1 Commodity Bulls Are Running From (Hint: It's Not Oil)
Falling crude prices have caused market volatility over the past few months as investors worry about how the commodity’s slide will impact the global economy in the long run. However, many economists say it isn’t oil traders should be worried about: It's copper.
Copper prices plunged on Wednesday, falling to $2.5055 per pound. The fall was the commodity’s largest one-day drop in three years and sparked worries about the health of the global economy.
Prices rebounded marginally on Thursday, but the question remained: Was Wednesday’s dip a sign of things to come?

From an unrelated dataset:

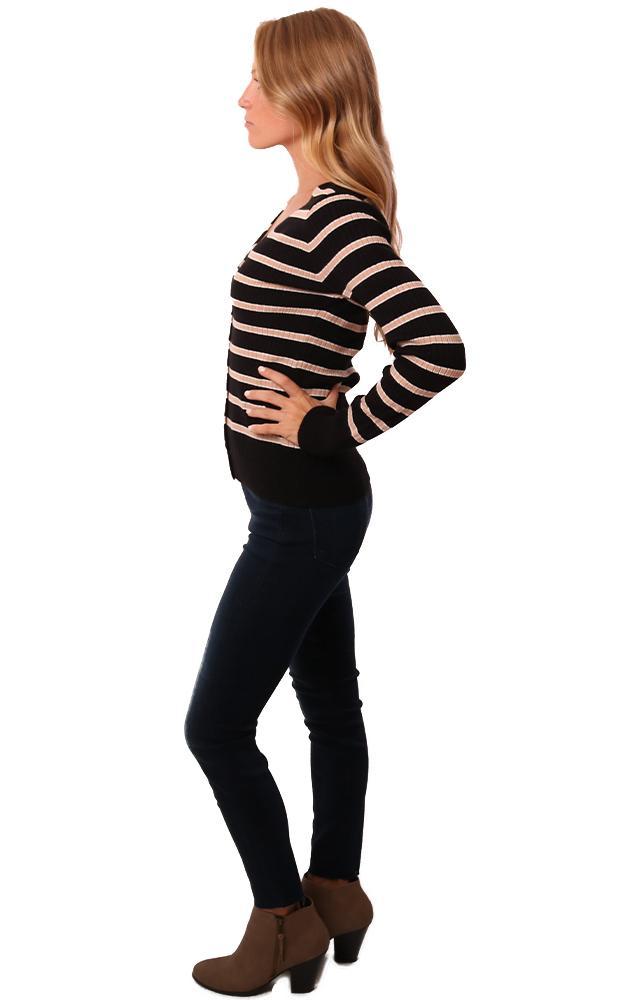 Heartloom Sweaters Long Sleeve V Neck Ribbed Button Up Black Pink Stripes Knit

Markets closely follow the price of copper as it is used in several industries, and therefore provides some insight into the health of the economy.
On Wednesday, lackluster retail sales data from the US, and the World Bank’s decision to trim its 2015 global growth forecast all contributed to the commodity’s fall.
While prices made a modest comeback on Thursday morning, some analysts believe copper has further to fall before hitting the bottom.
According to Bloomberg, mining companies spurred on by historically high prices are expected to produce an additional 1.6 million metric tons of copper in 2015, something that could further weigh on prices.
Despite that, others are optimistic that demand will recover through the second quarter.
The end of China’s Lunar New Year on February 19 should help increase the nation’s appetite for the commodity as well. Some analysts are even predicting a supply deficit in 2016, suggesting copper’s roller coaster ride is near its end.